Arvind Subramanian (AS): Thanks – it’s great to be here. I do want to take a few minutes to set the Indian development experience and model in a broader context, before I come to the more recent period which I’m sure everyone is interested in. I want to say 3-4 things about the Indian development model, where we are, and how to understand it.
The first and I think the most exciting thing for me as someone who has studied growth across countries from a macro perspective, is that there is something very unique about the Indian development model. I call this the precocious development model, and it has two components. One, political scientists have often observed that India is a complete outlier in having sustained democracy at very low levels of income, low levels of illiteracy, and a highly agrarian economy – that’s one aspect that has implications for economics as well. The second part of the precocious model is that it is not just precocious politics but also precocious economics. There are many ways of explaining this precocious economics model, but I will focus on two ways. Most countries grow by either specialising in/ exploiting their minerals, as in – the old model – or in some cases, exploiting their geography. But most of the post-war growth experiences have come about by becoming manufacturing powerhouses, especially starting with low-skill labour and going up the spectrum. Of course, everyone knows that the Indian development experience, certainly in the last 30-35 years, has been driven by services, and that’s fairly special. The other way of understanding this precocious model is that in some ways India is trying to grow and develop not by worshipping or deifying its comparative advantage but by defying it. We have a lot of unskilled labour but we are not using it; we are using much more of our skilled labour.

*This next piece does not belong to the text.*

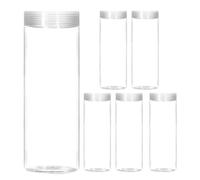BCOATH Plastic Coin Collectors Storage Tubes Coin Protection Tubes 30mm Diameter 6pcs Sturdy Ps Material Easy to Use for Dimes and Pennies for Collection Supplies
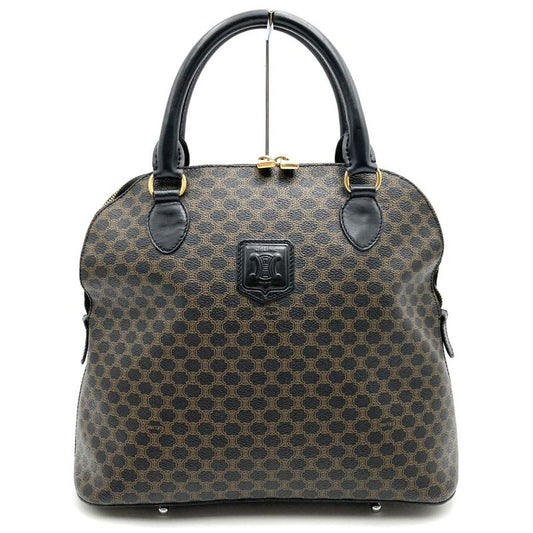 Celine Dm98/1 Handbag PVC Macadam Brown Black Ladies Men Fashion Vintage Gift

For me, the most striking manifestation of this precocious development model is that India actually exports a lot of FDI. If you think of the international pattern of development, countries in our stage of development are meant to get capital, labour and technology, and then export labour-intensive goods. But we have been doing something else, so this is actually a fairly unique development model. It is a work-in-progress; we can’t say if it’s a success or not. Provisionally, in the last 30 years, it hasn’t been doing too badly – 6-6.5% growth rates for 35 years, but with lots of problems and so on. So if India can pull it off in some senses, it would be quite a unique development model – maybe a model for others to follow down the road. So that is something really exciting about Indian development.
The second thing which strikes me is related to India’s precocious politics model. There is a combination of what Lant Pritchett calls a flailing State (some would say, as you have said, that India has weak State capacity) on one hand, but India is also a perennial democracy as it were, on the other. I think democracy has created these pressures to redistribute and spend at levels of development, which the advanced countries reached much later in their development process. This creates a lot of challenges – can you spend well? What kind of spending should you do? We are seeing these tugs to some extent. One manifestation of that is in some ways, you can understand some of what went on in the UPA years: a country or a model that is trying to redistribute without the State having established its credibility and legitimacy by providing essential services. Indira Rajaraman said that even the western world redistributed much later in the process because it had established its credibility to spend. And so we are trying to spend and redistribute without, perhaps, the legitimacy or ability of the State to do it well.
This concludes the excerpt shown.